Ween standards, if you will, were filed among less-common choices, giving the show a loose, spontaneous vibe. A rave-up “Push Th’ Little Daisies” was tucked between Pure Guava deep cuts “Springtheme” and “Little Birdy,” the latter bearing little resemblance to its slo-mo album version. “Dr. Rock” led off a mid-set trio of thrashers that included “Papa Zit” and “Sketches of Winkle” (both from God Ween Satan, both highly ridiculous). The encore—once given to be either “Poopship Destroyer” or “Buenos Tardes Amigos”—skirted predictability by including a wheezy Mollusk waltz and the giddy Shinola track “Someday,” which featured a synth solo that would make Keith Emerson moist.

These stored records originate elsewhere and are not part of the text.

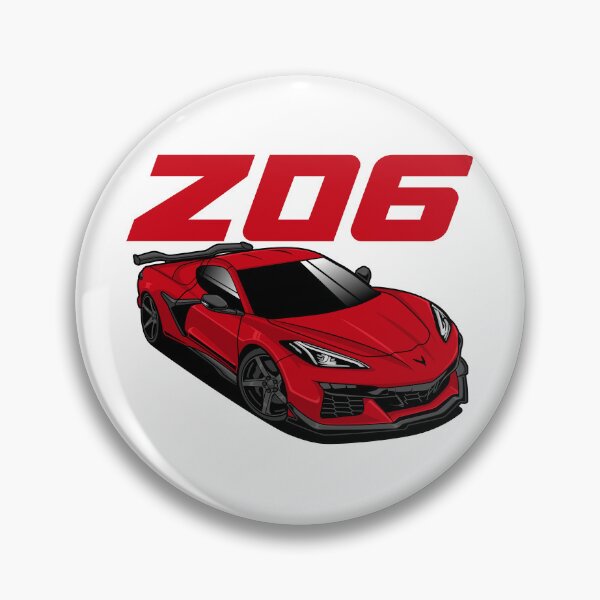 Item preview, Z06 Red designed and sold by vektoranda.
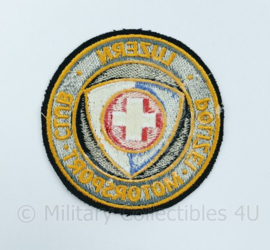 Luzern Polizei Motorsport club - diameter 9 cm - origineel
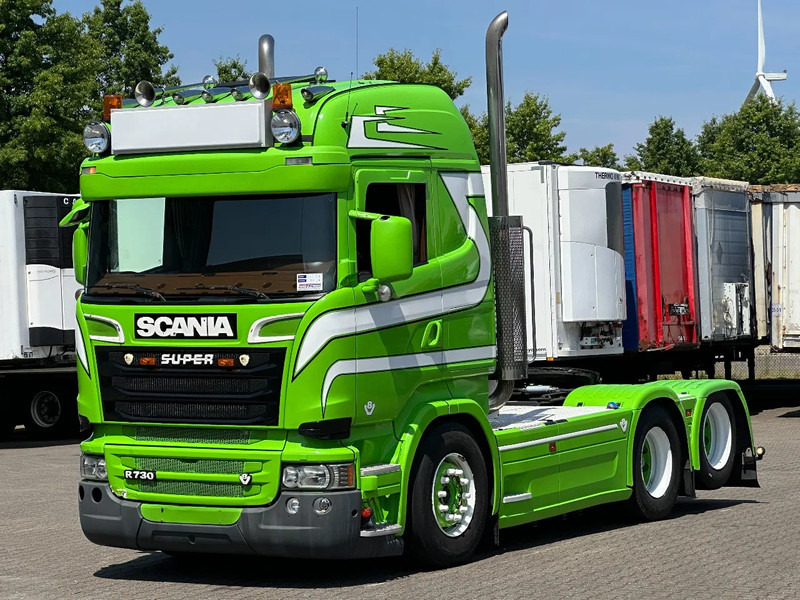 Scania R730 V8 6x2 Boogie Retarder Full Air *Special Interior* - Tractor truck: picture 1 Scania R730 V8 6x2 Boogie Retarder Full Air *Special Interior* - Tractor truck: picture 1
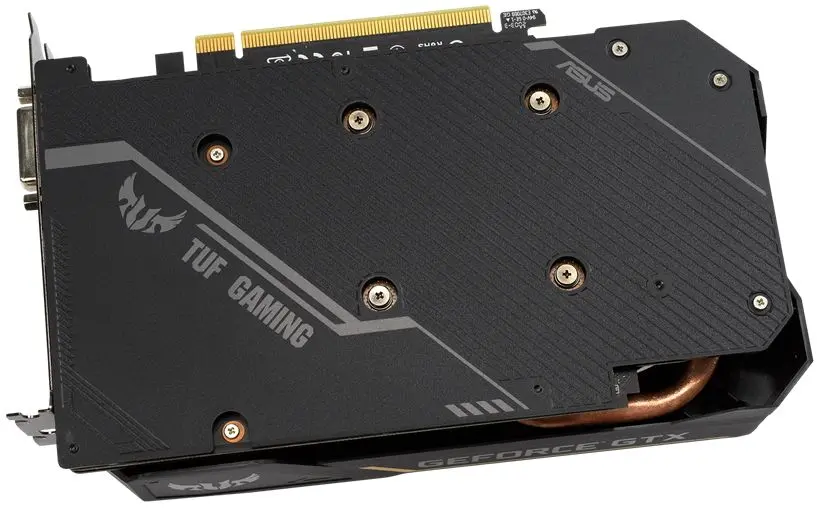 Placa video Asus Tuf Gaming GeForce GTX 1650 OC Edition 4GB GDDR6 (TUF-GTX1650-O4GD6-GAMING)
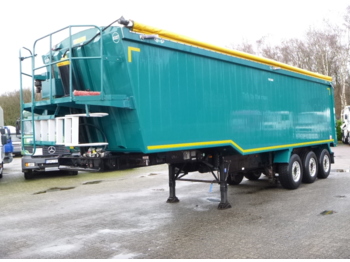 Weightlifter Tipper trailer alu 50 m3 + tarpaulin - Damperli dorse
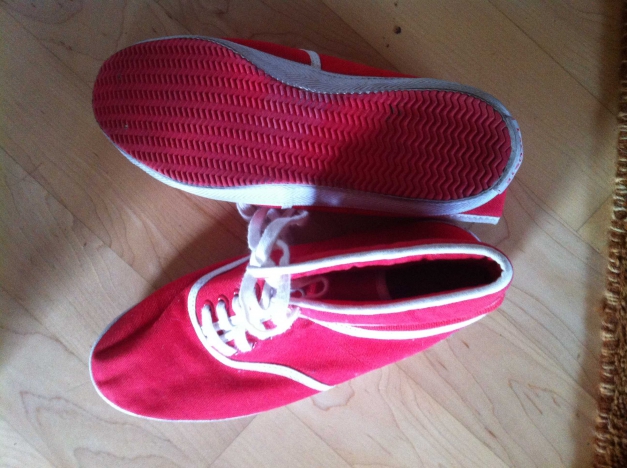 Lacoste Sneaker rot wie neu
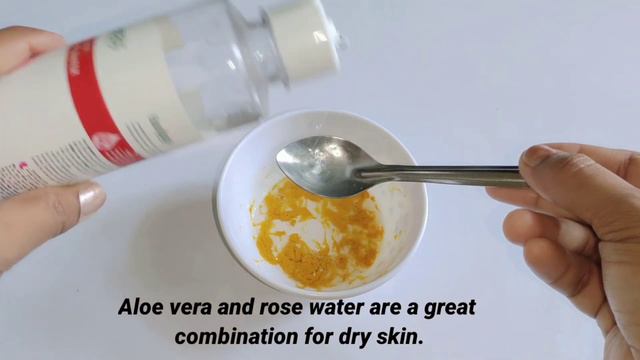 Aloe Vera, Turmeric And Rose Water For Face Whitening | DIY Face Mask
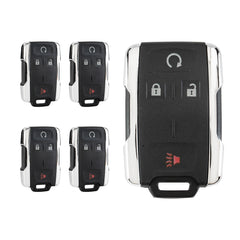 Keyless Entry Remote Control Car Key Fob for 2014 - 2017 Chevy Silverado 1500 GMC Sierra M3N-32337100  KR-C4RG-05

The set mostly alternated between relatively straight-forward rockers and nitrous-riddled psychedelic-prog jams. “Marble Tulip Juicy Tree” (with bizarrely over-loud sound-effects) and “Happy Colored Marbles” set the tone early; nearly half of the tracks from 1997’s nautical farce The Mollusk were touched on through the evening. (As a sad consequence, the just-short-of-brilliant 12 Golden Country Greats was not represented.)

Several new songs provided the biggest surprises. Ween are not generally known for their poignancy, so the as-yet-unrecorded “Light Me Up” was startling. The song, for which Freeman donned a Hunter S. Thompson-esque hat and sunglasses, featured a self-analytical lyric about the perils of rocking hard and drinking harder. This was not role-playing, but rather a man turning himself inside-out (sort of) for his audience (for once). “Leave Deaner Alone”—a short, sharp, funny hard-rocker about guitarist Dean Ween (Mickey Melchiondo) being annoyed by demo-tape-bearing fans—was another highlight.

Then there were the Chocolate and Cheese numbers: “Voodoo Lady” interpolated a verse of Prince’s “Kiss,” with Gener doing a passable impression of the man with the assless pants, and “Roses Are Free” turned into a big hippy dance party. (Had Phish never covered this tune, would Ween’s audience still be acidheads and peripheral Zappa fans?) “The HIV Song”—possibly the most offensive song in the Ween canon, despite having the fewest actual lyrics—was typically festive; “Spinal Meningitis (Got Me Down),” their second-most-offensive, followed. Righteous.